Ma quella è ovviamente un’altra storia, in questa il suo è solo quello di un “innocente amico” o “conoscente a vario titolo”, almeno per il momento, di certo uno dei più altisonanti insieme a quello del principe Andrea e di Bill Gates, nonché quello politicamente più importante, al netto di sorprese dell’ultimo momento che potrebbero riguardare Donald Trump.
 

STRATEGIA DIFENSIVA
Lo staff di Bill non ha voluto commentare rimandando alle dichiarazioni che erano già state rilasciate al Washington Examiner nel 2019, quando il nome di Clinton era stato per la prima volta affiancato sui giornali a quello di Epstein. In relazione ai crimini dell’imputato «il presidente non è mai stato accusato di alcun illecito» e «non si è opposto all’apertura del sigillo», disse il portavoce Angel Urena, aggiungendo che Clinton «non sa nulla dei terribili crimini di cui Jeffrey Epstein si è dichiarato colpevole in Florida alcuni anni fa, o di quelli di cui è stato recentemente accusato a New York». Epstein si sarebbe poi tolto la vita di lì a poco, il 10 agosto 2019, e la circostanza per la quale ciò avrebbe fatto comodo a troppi e che il suicidio avvenne in un carcere in cui quel detenuto eccellente avrebbe dovuto essere sorvegliato 24 ore su 24 aveva scatenato tutte le teorie più o meno verosimili sui responsabili della sua morte.

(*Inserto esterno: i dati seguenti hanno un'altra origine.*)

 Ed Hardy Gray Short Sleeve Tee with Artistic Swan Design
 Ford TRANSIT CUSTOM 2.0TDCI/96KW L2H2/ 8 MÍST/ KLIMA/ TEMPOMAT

Una di queste, messa in giro tra gli altri dal comico Terrence Williams e ritwittata da Trump stesso, sosteneva che dietro la sua morte ci fossero proprio i Clinton. Chi altri avrebbero avuto il potere di farlo tacere per sempre con tanta facilità? Tesi che sarebbe poi stata avvalorata dal ritrovamento nella casa di Manhattan di Epstein, in bella vista «appena entrati in una stanza a destra», di un orrendo dipinto a olio a firma dell’artista Petrina Ryan-Kleid che raffigura proprio Bill Clinton seduto di traverso su una sedia dello Studio Ovale in abiti femminili blu e scarpe rosse con il tacco. Ma qui ovviamente si entra nel melmoso campo del complottismo, per rimanere ai fatti provati o da provare va sottolineato che mentre il portavoce Urena aveva assicurato che l’ex presidente «non parla con Epstein da oltre un decennio e non è mai stato nella villa sull'isola di Little St. James», quella in cui si tenevano i festini, nel 2015 durante i dibattimenti della causa che Virginia Giuffrè aveva intentato contro il ricco finanziere, era emerso che la stessa aveva incontrato nella villa suddetta l’ex presidente più di una volta.
 

I VIAGGI AEREI
A tal proposito Urena risposte che l’ex presidente aveva effettuato «un totale di quattro viaggi sull'aereo di Jeffrey Epstein: uno in Europa, uno in Asia e due in Africa, comprese soste legate al lavoro della Fondazione Clinton», ma i registri di volo sostengono invece che aveva volato decine di volte, anche se non si sa se fosse effettivamente andato a St. James, o in New Mexico e in Florida dove l’imprenditore aveva altre ville. Nel 2020 l’imprenditore Doug Band aveva altresì rivelato a Vanity Fair che il suo ex socio Bill Clinton era effettivamente andato a St. James, ma anche in questo caso l’ufficio dell’ex presidente democratico aveva smentito sostenendo che dietro tali dichiarazioni c’erano vecchi rancori di Doug nei confronti dell’ex socio.